Industrious as ever, he continued to live and work on Anglesey, acquiring a formidable reputation. Every year he would send six watercolours for hanging at the Royal Academy's summer exhibition in London, and every year the paintings would be sold on the night before the show opened, for pounds 180 apiece. (Today such works fetch between pounds 6,000 and pounds 7,000.)

In 1978 the publisher David Burnett, who had long admired his work, went up to visit him at Shorelands. By then Winnie had died, and Tunnicliffe was being looked after by his devoted sister, Dolly. According to Burnett, he was a 'real peasant', living almost exclusively on bacon and eggs and digestive biscuits. Alas, his eyesight had started to deteriorate, and his birds - always so immaculate-

ly presented - began to be

lopsided.

Burnett persuaded Tunnicliffe to let him take away four sketchbooks that he had found in the studio. The artist claimed they were of no value, but in this he was entirely wrong: skilfully put together, and published as A Sketchbook of Birds in 1979, they proved an immense success.

Sad to relate, Tunnicliffe did not live to enjoy it.

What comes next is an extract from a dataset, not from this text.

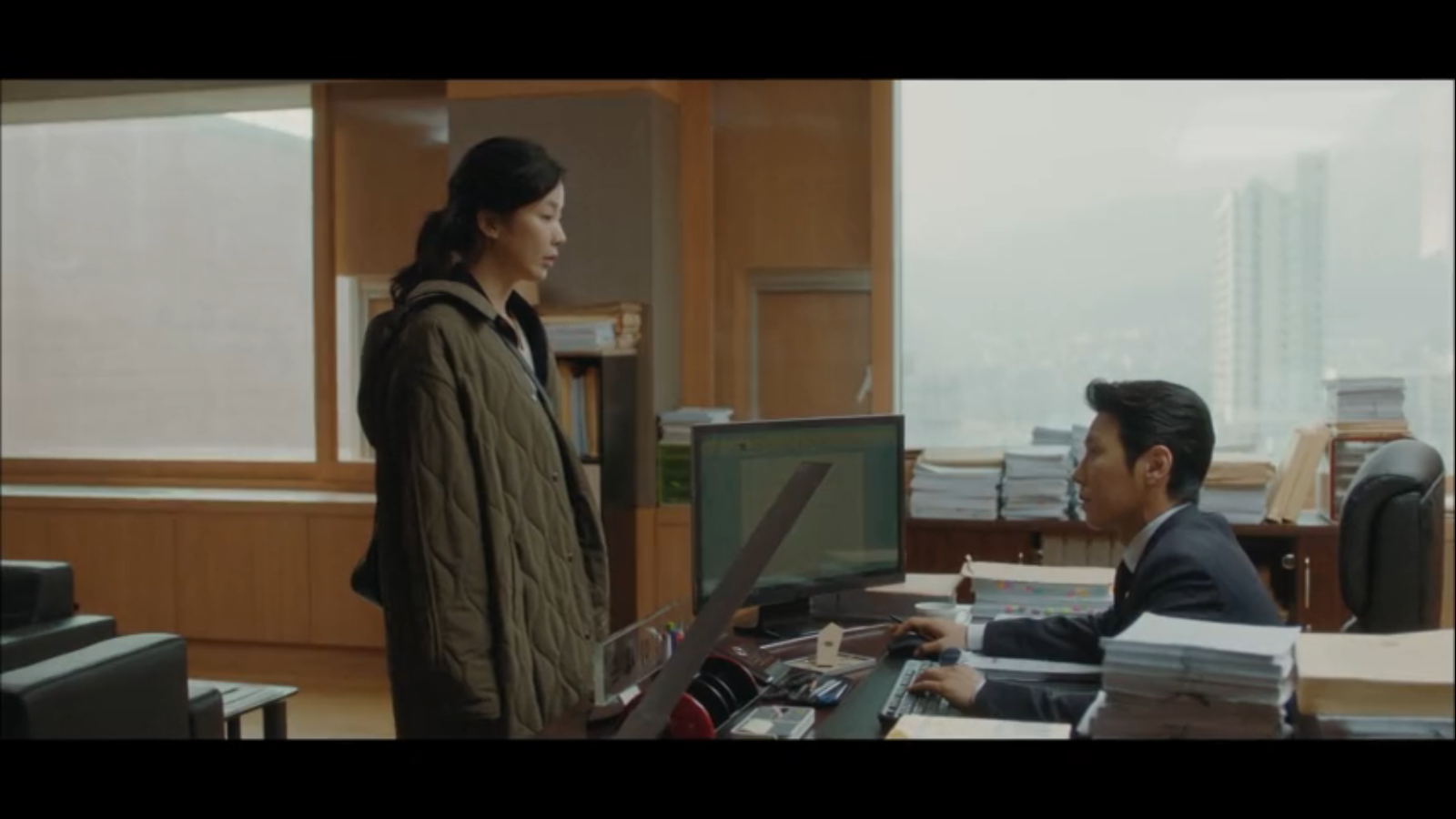 When My Love Blooms Episode 2 Yoon Ji-soo talking to Lee Se-hoon in office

He saw proofs of the book and its dust- jacket, but died before it came out. The Sketchbook sold 35,000 copies through the retail trade, 85,000 through a book club and 25,000 in America.

In negotiating the contract, Burnett had offered an advance of pounds 3,000, half to be paid on signature and half on publication. The artist, however, had declined these terms, and asked instead if he could be paid pounds 300 a month for a year. Burnett agreed, but was upset to think that the poor old fellow had laboured all his life without adequate reward - only to discover, on his death, that he had pounds 87,000 in his current account alone.

Besides his money, Tunnicliffe left behind a great mass of artwork, and no specific instructions in his will as to what should be done with it. In the event it was bought by Anglesey Borough Council, which has housed it in a new gallery at Llangefni, in the centre of the island. Today one section of the gallery is a replica of the artist's studio, furnished with his table, chair and working materials, arranged so realistically as to give visitors the impression that he has just gone out and will reappear at any moment.

Dolly, the surviving sister, also passed some material to David Burnett, who was helping the author Ian Niall to prepare a biography. Among the papers was a bird-watching journal, written in blue ink on buff paper. Thinking it was a rough draft of the summer diary, Burnett passed it to another distinguished bird artist, Robert Gillmor.

He too glanced at it, but was so busy with other projects that for 10 years, from 1981 to 1991, he gave it no serious consideration. Then, with a start, he noticed that the date at the beginning of one entry fell outside the months which he knew by heart from the published work. Realising that he was probably the first person to read the material in 40 years, he found the loose, jumbled pages 'suddenly transformed into something intensely special and exciting'.

The long-lost record, written upside-down on the back of the summer diary, ran from October to the end of March. Naturally it featured different birds, for the summer residents had gone and their places had been taken by migrant geese, duck and swans.

Apart from anything else, the diary expressed Tunnicliffe's hatred of wildfowlers - from whom he would nevertheless sometimes cadge the odd corpse so that he could draw it.

By means of painstaking research in the archive at Llangefni, Gillmor identified several hundred relevant sketches and matched them to the dates scribbled at the start of each entry. Many were in their raw state - the field sketches at which Tunnicliffe excelled - but some had been worked up in the

studio.

On Monday they will all see the light of day for the first time; and so, like the phoenix, the red- and-gold bird supposed in Egyptian legend to rise from the ashes, Tunnicliffe's glorious talent will live again.

'Shorelands Winter Diary' is published by Robinson at pounds 16.95.